(Scraped caption text data)

Segment Open

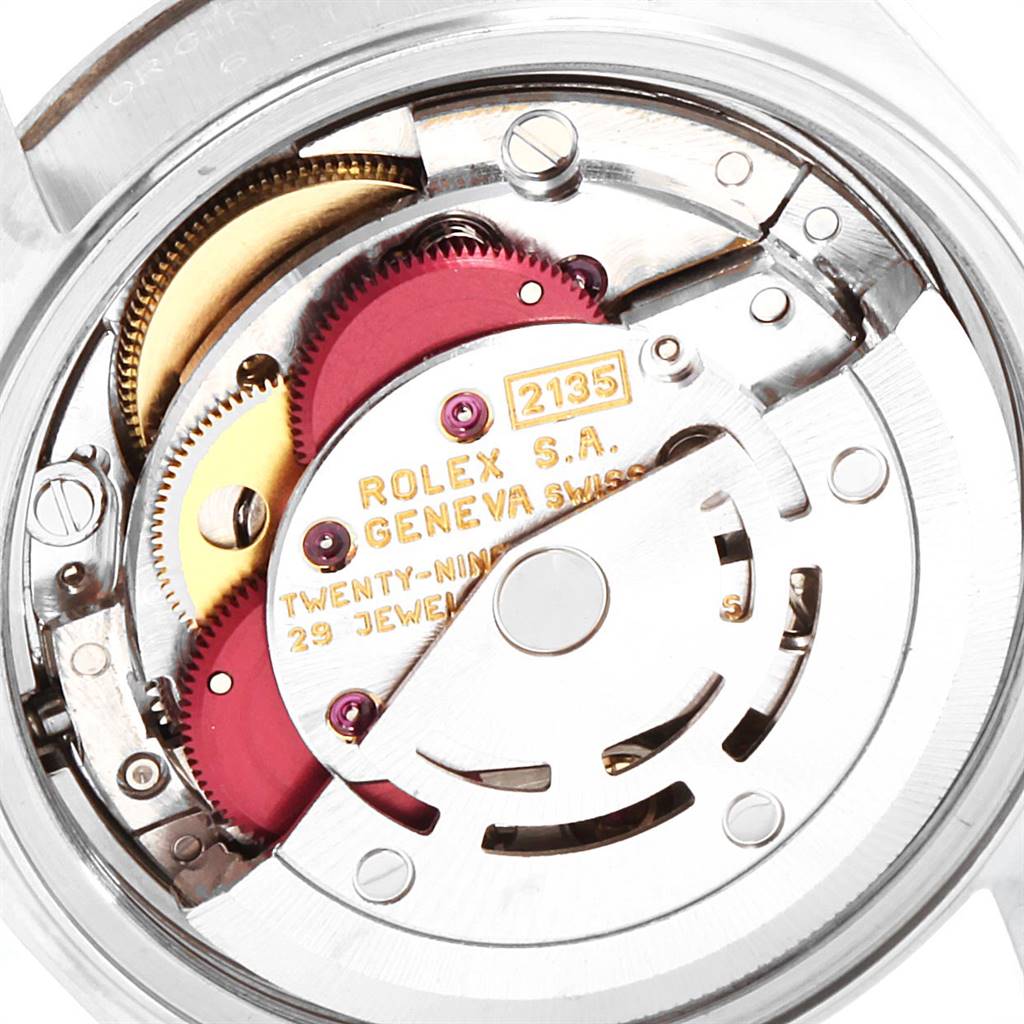 This image shows the movement mechanism of a Rolex Datejust 69174 Women's Stainless Steel White Dial 69174 Women's Stainless Steel White Dial watch, highlighting gears and internal components.
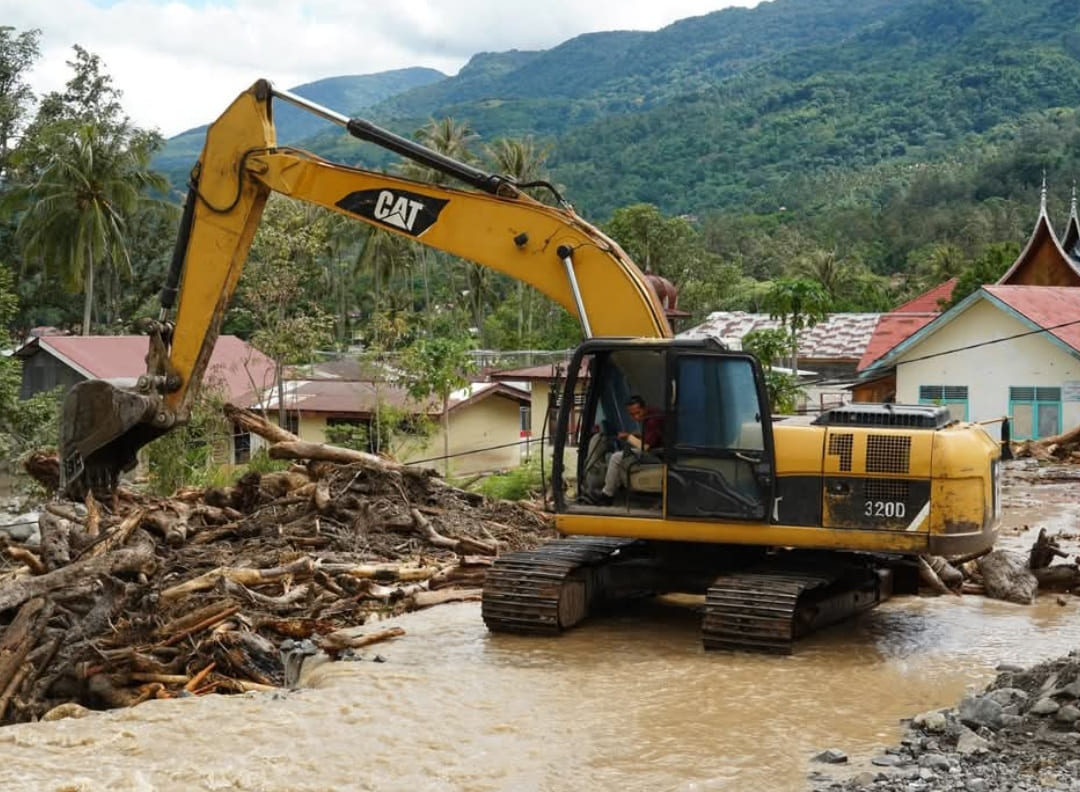 Alat berat milik Pemkab Tanahdatar dikerahkan untuk membersihkan material galodo yang menutup akses jalan di wilayah terdampak, Batusangkar, Minggu (30/11/2025).(Foto: Prokopim)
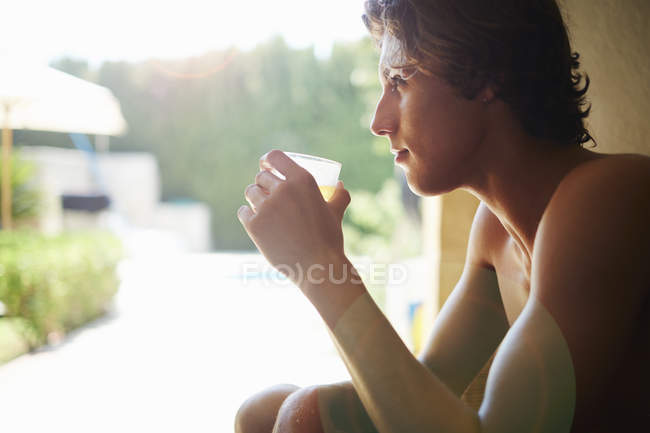 Jeune homme buvant une boisson gazeuse sur chaise patio — Photo de stock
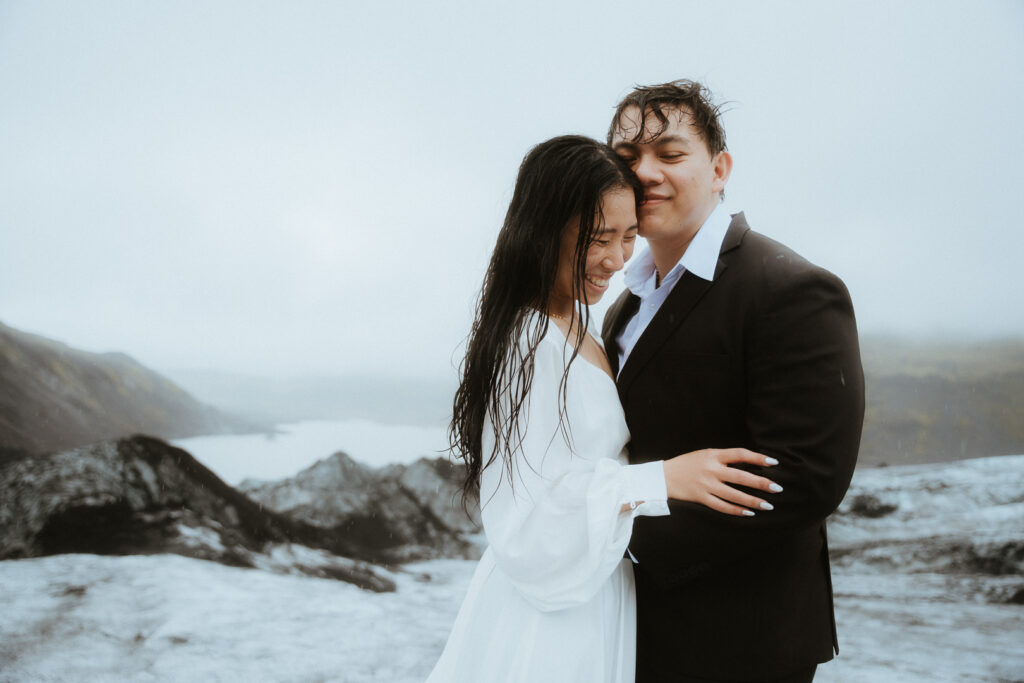 Couple hugging during their South Coast Iceland Elopement
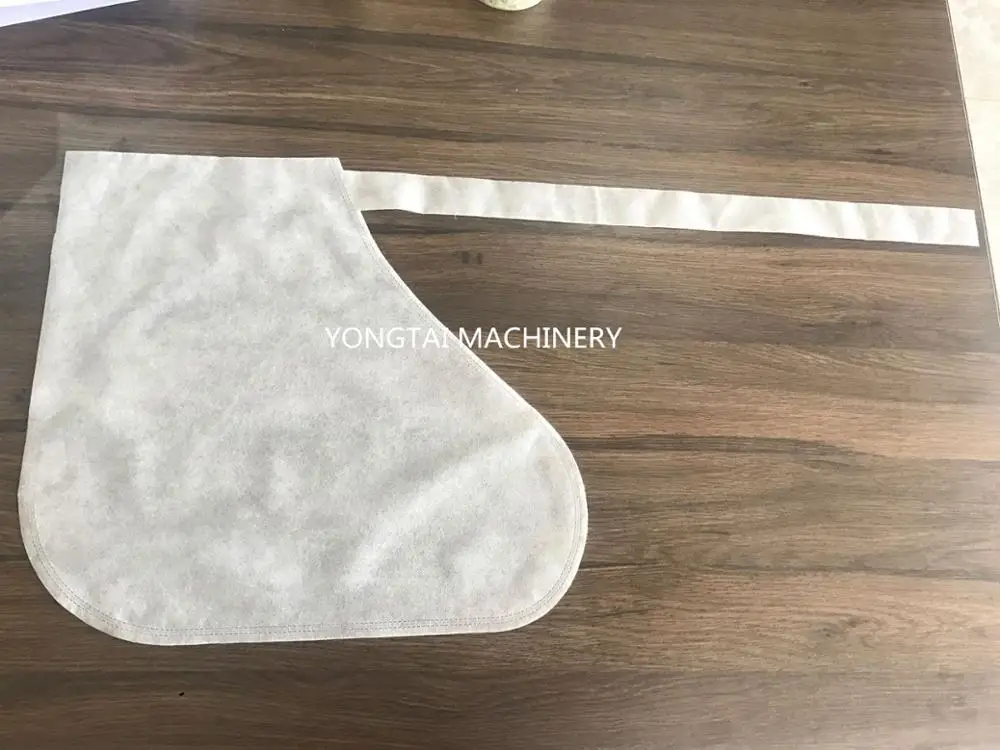 Медицинская автоматическая машина для производства одноразовых чехлов обуви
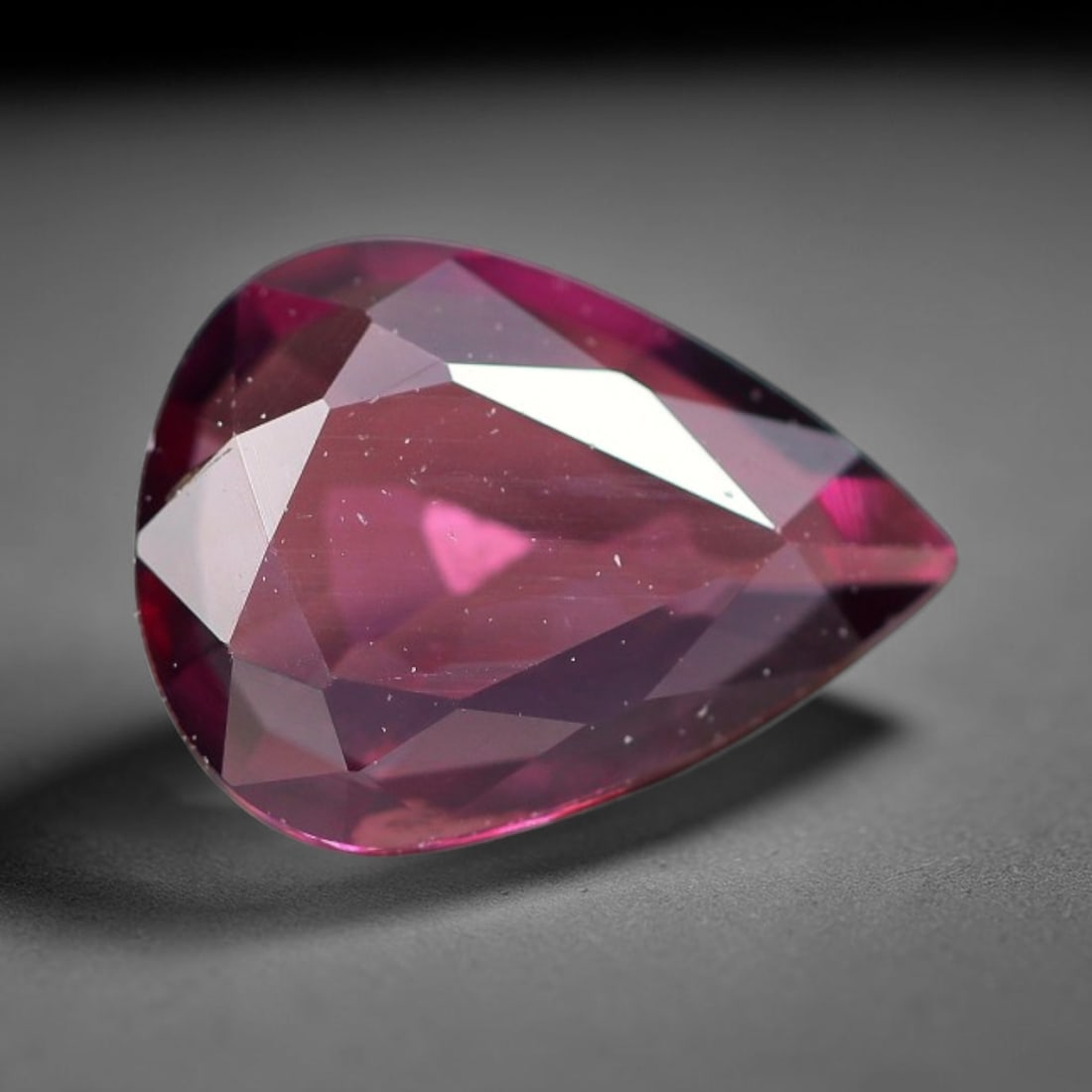 1.02ct Natural Tanzanian Rhodolite Grape Garnet Faceted Loose Gemstone, 93BF: This expertly faceted grape garnet, a scarce saturated purple-magenta rhodolite variant, features transparent crystal structure dotted with faint microscopic mineral specks within its precisely cut re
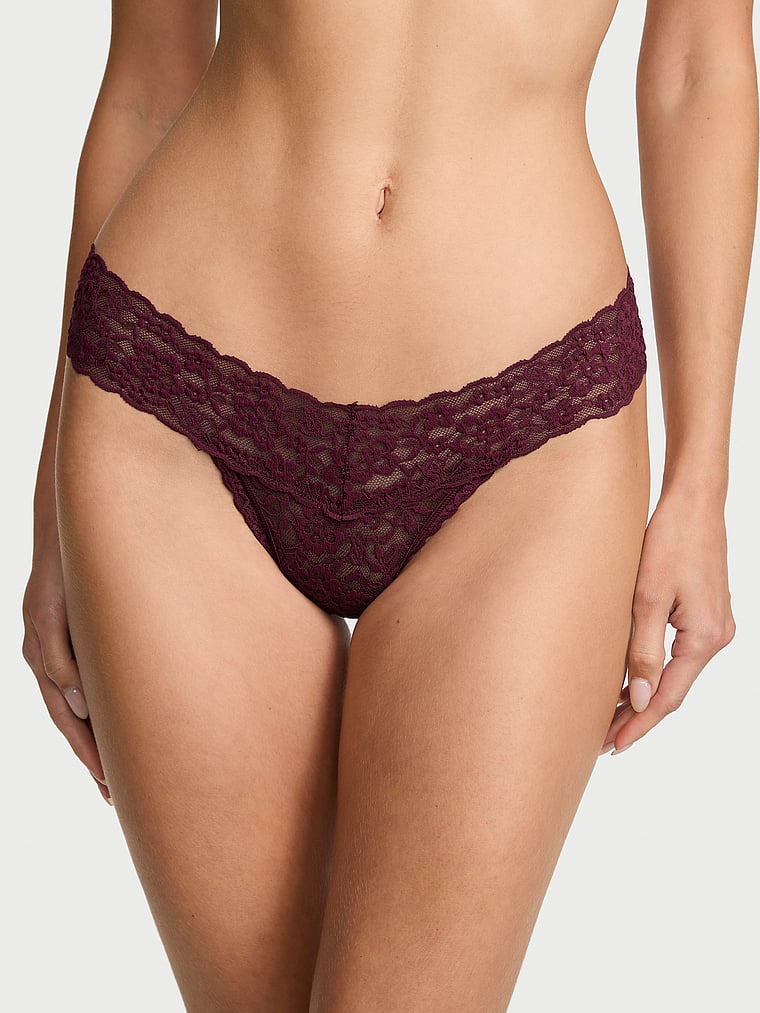 Victoria's Secret, The Lacie Lace Lace-Up Thong Panty, Pink, onModelFront, 1 of 3 Ari is 5'9" and wears Small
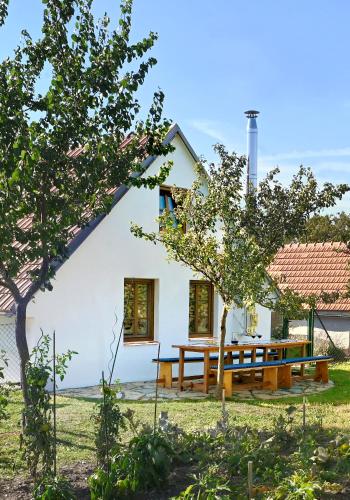 a house with a picnic table in front of it at Vinný sklípek Blatnice in Blatnice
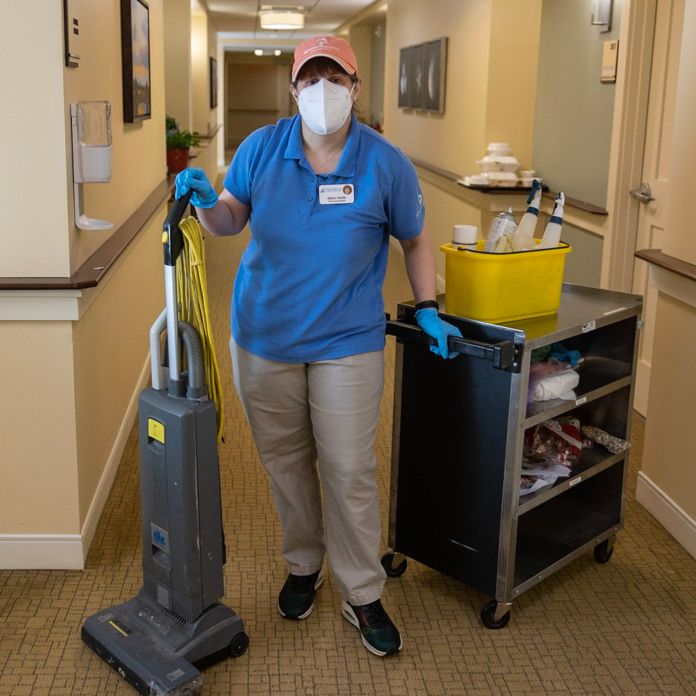 Janitorial worker in a pink hat posing next to a vacuum and a cart of cleaning equipment.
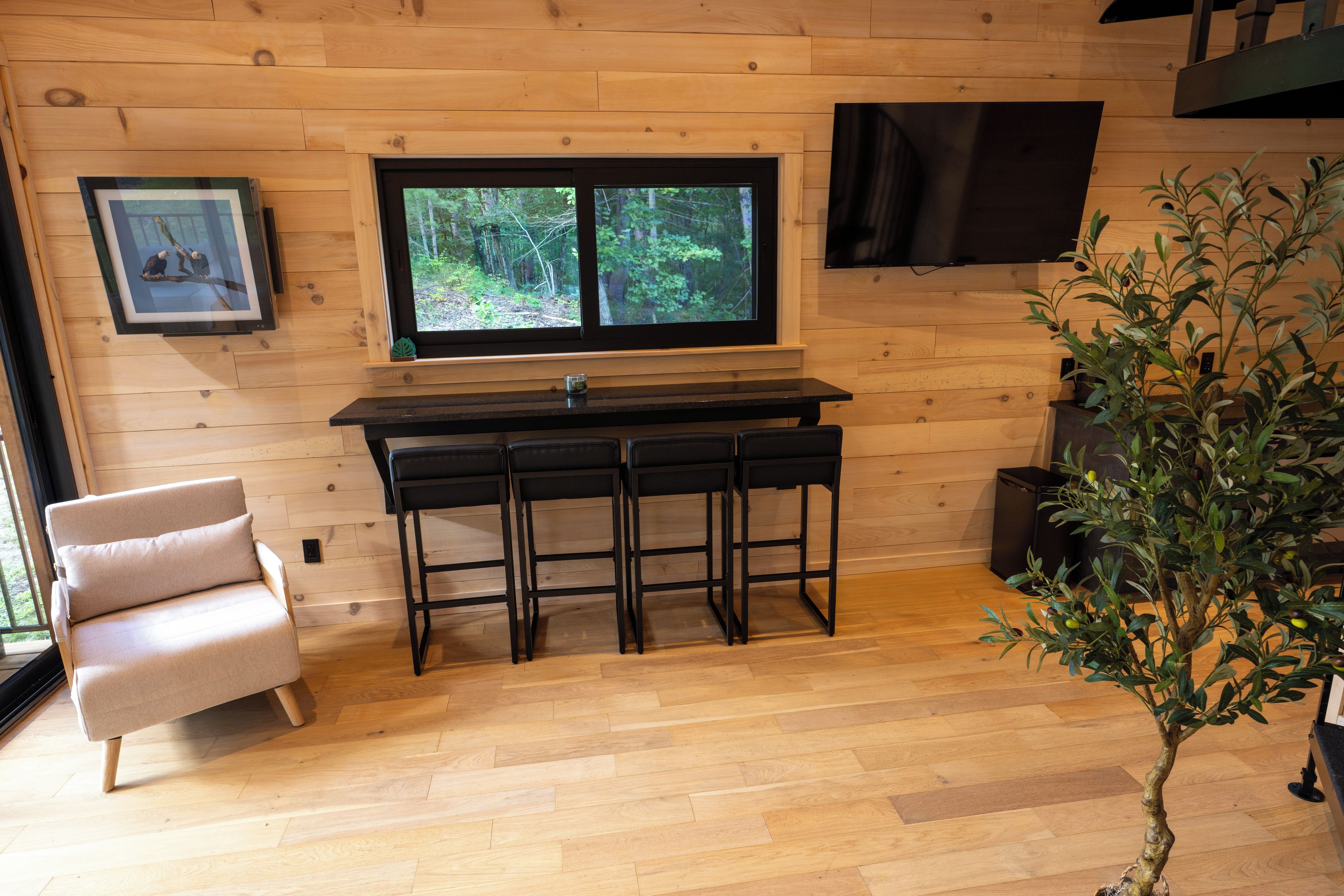 Een houten interieur met een keukenhoek, voorzien van een raam, een barkrukje, een stoel en een potplant.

Segment Closed

- _What is required_
Using the records above, return verbatim only the part that opens with the line containing "Couple hugging during" and closes with the line containing "Медицинская автоматическая машина"; pictures stay out.

- _Solution to this task_
 Couple hugging during their South Coast Iceland Elopement
 Медицинская автоматическая машина для производства одноразовых чехлов обуви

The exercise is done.